今宵は、いい年をしたおじさんたちの多くが、吉本隆明の死をそれぞれのやり方で、 偲ぶことになるのだろう。
どこかで頼りにしていたおやじさんに逝かれた時のような寂しさで、初期詩集に震えた頃の自分の青春時代の魂の彷徨を思い出しながら、政治闘争や地域闘争の世界で傷つき自分の居場所がわからなくなったときに依拠した原点の思想や言葉に勇気付けられた日々を振り返りながら、あるいは「反核異論」や「オウム・麻原」や今回の「反・原発への留保」のさまざまな発言に「吉本も耄碌してみちゃおれなかったね」とあらためてうだつをあげながら・・・百人百様のいろんな偲び方があるのだろう。 吉本さんのご自宅には二回、お伺いした。 一度は19歳のとき、『試行』の直接購読をお願いするために。
もう一度は、20代になって、ある政治行動家の著作をまとめあげる仕事をお手伝いすることがきっかけで。
吉本さんの著作や対話集や多くの吉本論は、雑誌で特集されたりミニコミめいた自主出版的なものやDVDで朴訥な決して流暢とはいえない語りをおさめたものまで、ほとんどすべてがまだ古本屋にいかず、僕の書棚のある一角に積み上げられている。
文庫本になっても、そのあとがきや補注を見るためにだけ買ったものも多い。
どこまで彼の思想を理解しているとか、そんなことはどうでもよかった。
『聖書』の一節を開いてその言葉に短い時間でもなにかに触れるように、無性に読んでみたくなるときがあるのだ。
親鸞をめぐる論考でも、難解な『心的現象論』でも、鮮やかな論争の快感を感じ取れる『情況への発言』でも、文学論や戦後詩論やマンガ論でもなんでもよかったのかもしれない。

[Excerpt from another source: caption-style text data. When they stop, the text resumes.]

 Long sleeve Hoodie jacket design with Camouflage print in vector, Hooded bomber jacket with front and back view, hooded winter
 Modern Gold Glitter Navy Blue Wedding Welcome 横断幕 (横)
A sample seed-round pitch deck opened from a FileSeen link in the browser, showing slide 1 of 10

多くの吉本論者や反吉本論者やかくれ吉本論者たちに会った。
この何年かは糸井重里が吉本の言葉を再編集してわかりやすく若い人たちに伝えようとしていた。 糖尿病でもう拡大鏡をつかわなければ文字が読めなくなり、自らの『遺書』や『老い』論にことよせて、それでも最後まで発言を続けた。
戦後民主主義や同伴知識人や群れをなすことを拒否した最後の思想家。
彼が「善意は墓場に通じている」と言う時、僕は自分の中で「いい子」であろうとするようなふるまいを無意識でふりまいているのではないかと、冷やっとすることが何回もあった。

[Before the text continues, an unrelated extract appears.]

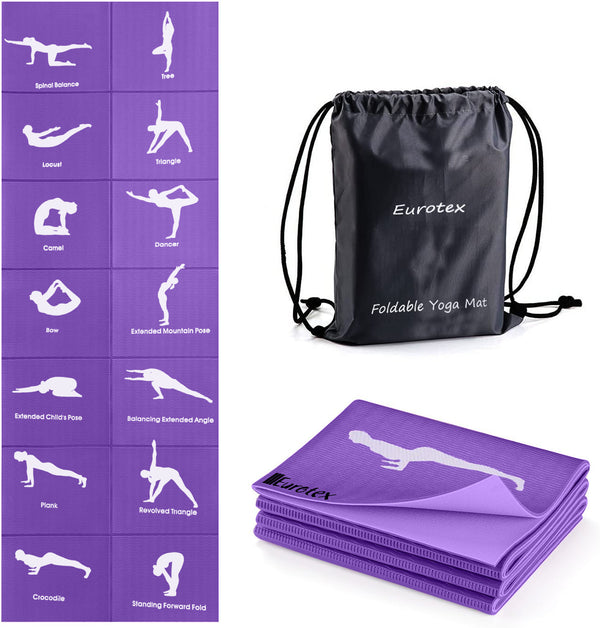 Eurotex Travel Yoga Mat, Foldable Portable Gym Mat for Women/Men with Carry Bag - Purple
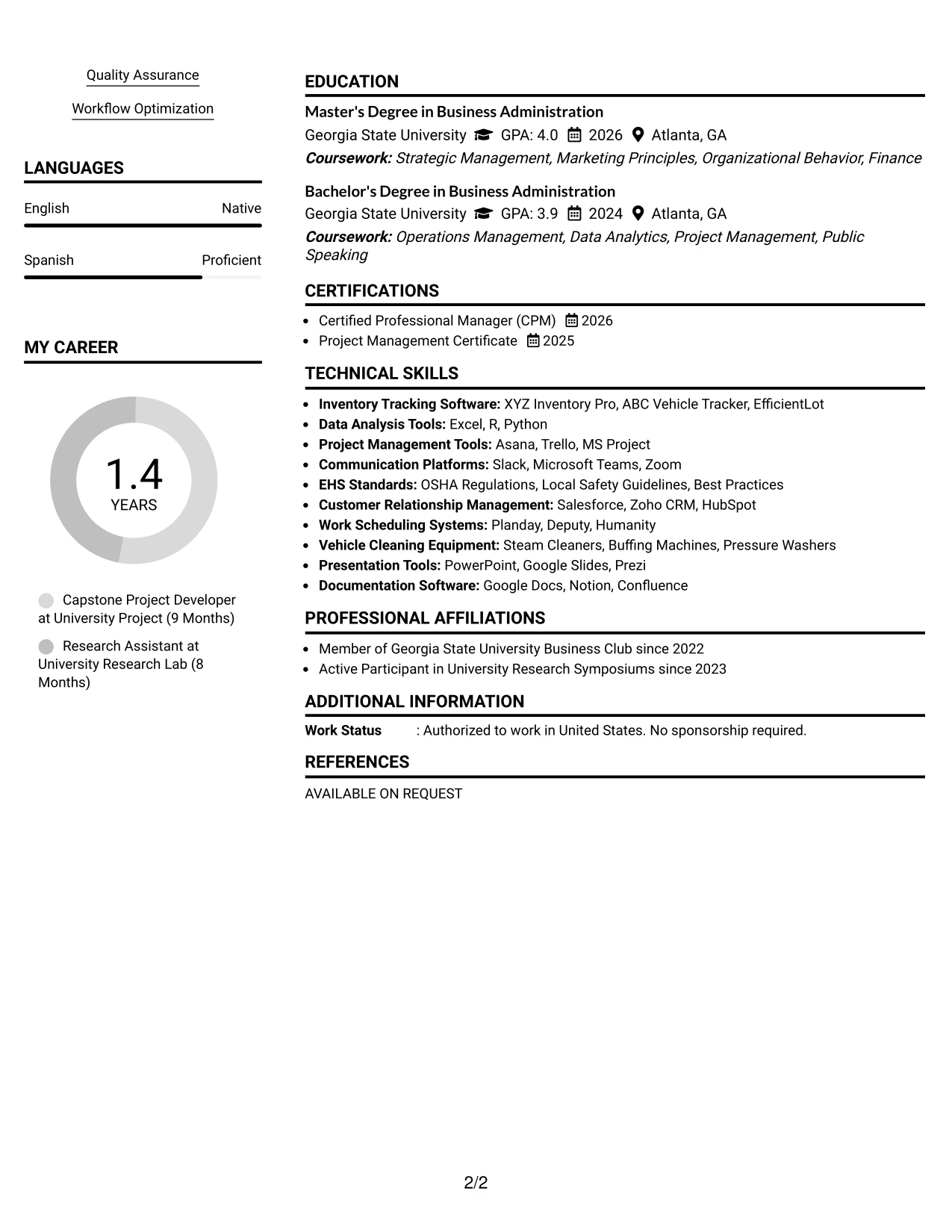 Resume Example Page 2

そして諭されるように軌道修正をしながら、敵もまたつくらざるをえなかったことも多かった。
「3.11」から1年がたち、吉本さん流にいえば「戦争が露出してきている」。
吉本さんはいつも「死ねば死にきり」とおっしゃっていたが、あらゆる意味で彼の言葉や行動に影響を受けた多くのものたちは、今宵それぞれの思いの中で、自分を振り返ることになる・・・合掌!